Whether the FCC currently treats ISPs as common carriers or not doesn’t change the fact that the FCC has the underlying authority to do so, and that authority also lets the FCC impose price regulation. The FCC can also reclassify ISPs as common carriers without imposing any price limits on Internet service, as it did in 2015. Having the Title II classification of ISPs on the books in advance could make it easier for a future FCC to impose price limits on broadband. But an FCC intent on using rate regulation could use its reclassification powers at any time it deems fit as long as it follows the appropriate process.

The FCC could even try to impose price caps on Internet service without using Title II. That’s because of a 1996 addition to the Communications Act, authorized by a Republican-led Congress, that says the FCC may use “price cap regulation” to encourage broadband deployment.

None of this changes the fact that the FCC has not told cable companies what prices they are allowed to charge for home Internet service. One can oppose price regulation and support keeping the current system in place.

Pai and other net neutrality opponents claim that the rules are an overreaction to theoretical harms, rather than actual occurrences. Advocacy group Free Press has an answer for that, with this list of actions by the likes of Comcast, AT&T, and Verizon that either blocked or impeded access to certain online services.

Treating cable like a utility

The most convincing part of the cable survey for the anti-Title II side is that 51 percent of respondents said, “Internet access should not be considered a public utility regulated by the federal government.” Only 33 percent said Internet access should be a regulated utility, and 16 percent didn’t know or had no opinion. This came in response to the question, “As you may know, a public utility is an essential public service, such as electricity, water, or gas, that is regulated by government. Knowing this, which of the following do you agree with more, even if neither is exactly right?”

Pluralities of survey respondents also agreed that utility-style regulation for ISPs would “worsen tech innovation” and “decrease private sector tech investments.”

But while the cable lobby argues that the FCC currently treats ISPs as utilities by virtue of the Title II classification, people answering these survey questions probably wouldn’t see much similarity between the current state of cable company regulation and regulation of electricity, water, and gas service. Sure, the FCC could theoretically regulate cable Internet prices, but it doesn’t, whereas the prices of utilities like electricity and gas are commonly set by the government in order to let utilities recover costs while protecting consumers from monopolistic pricing. Utilities are also generally required to serve everyone, whereas ISPs pick and choose where to go and sometimes demand tens or even hundreds of thousands of dollars from homeowners in exchange for extending their networks to unprofitable areas.

The FCC does have price caps for certain business broadband services, but last month the commission voted to eliminate those caps throughout much of the US. Those caps also applied only to traditional phone companies, like AT&T and Verizon, and not the cable companies represented by the NCTA.

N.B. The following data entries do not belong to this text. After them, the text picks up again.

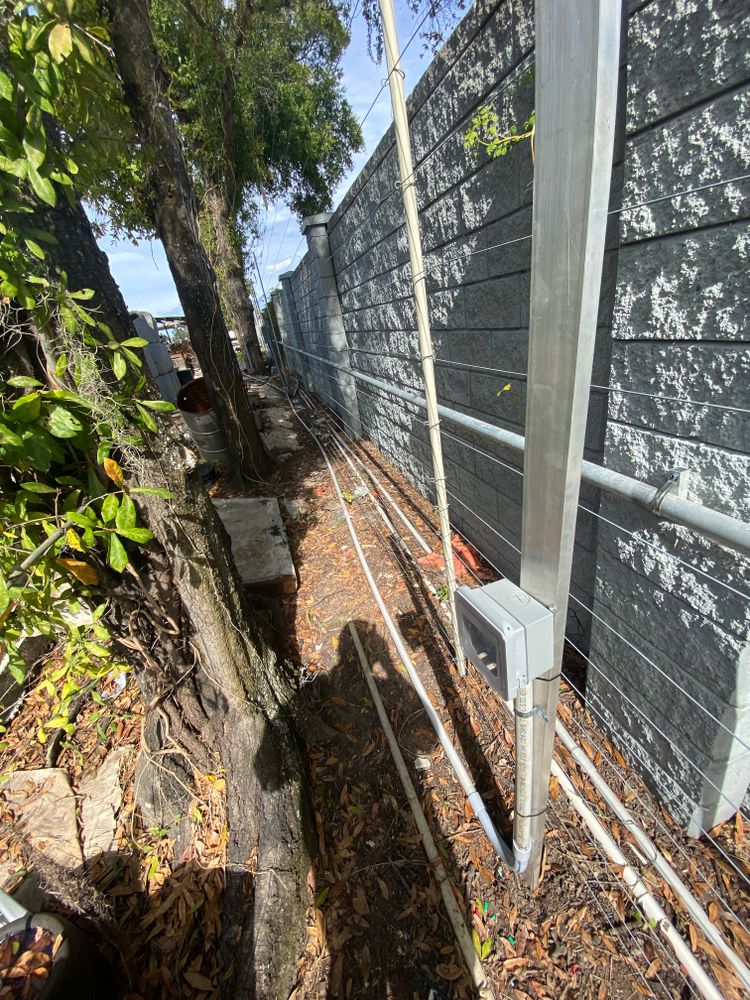 All Photos for Nominal Voltage in Orlando, FL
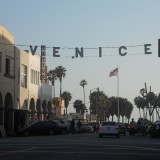 DSCN0069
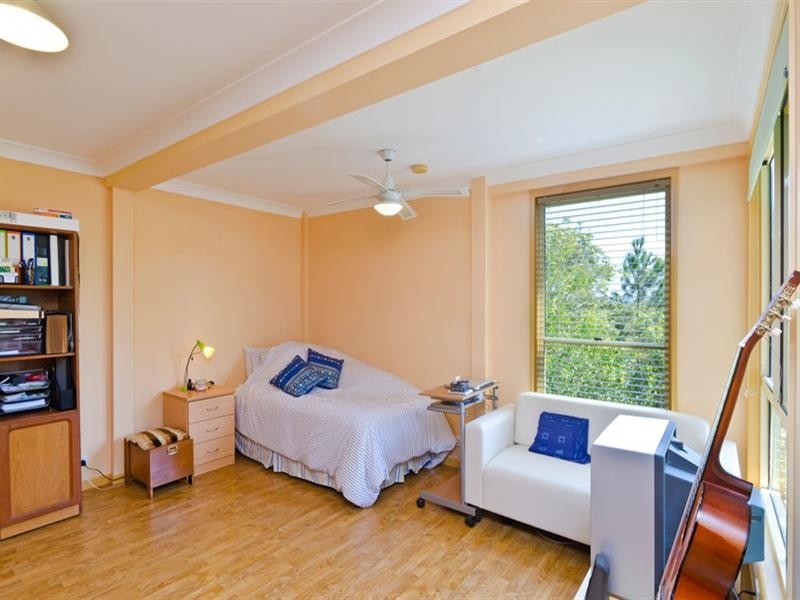 57 Doubleview Drive, Elanora QLD 4221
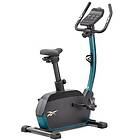 Reebok FR30 Exercise Bike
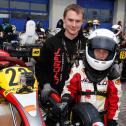ADAC Kart Masters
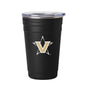 Vanderbilt 22oz Alternate Logo Stainless Cup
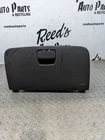 2017-2021 Chevrolet Trax Dashboard Storage Oem 1165718 Used. Price: $85.00.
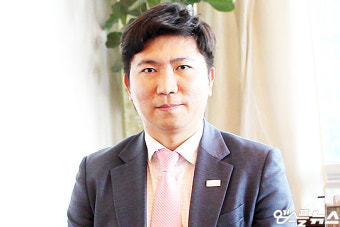 [엠스플 이슈] IOC 유승민 위원 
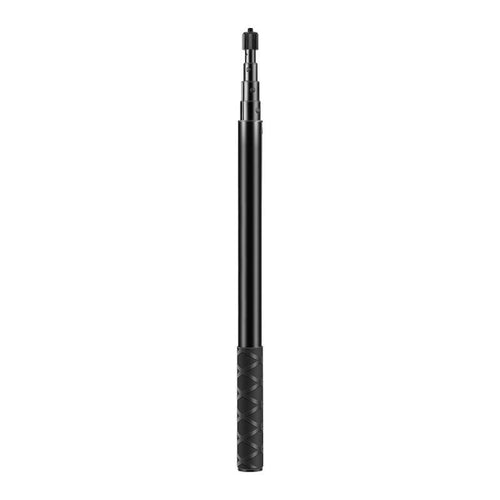 Puluz - Perche à selfie en métal PU816 (35-150 cm) pour caméra sport et 360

Regardless of the NCTA’s survey results, cable companies are almost certainly going to get what they want. The FCC has scheduled a vote for May 18 to start the process of undoing the Title II classification and net neutrality rules. The FCC will accept comments on the proposal until August 16 (or at least when the FCC’s website is working), but Pai has already made it clear that he intends to reverse the Title II classification and is not committing to any rules against blocking, throttling, or paid prioritization.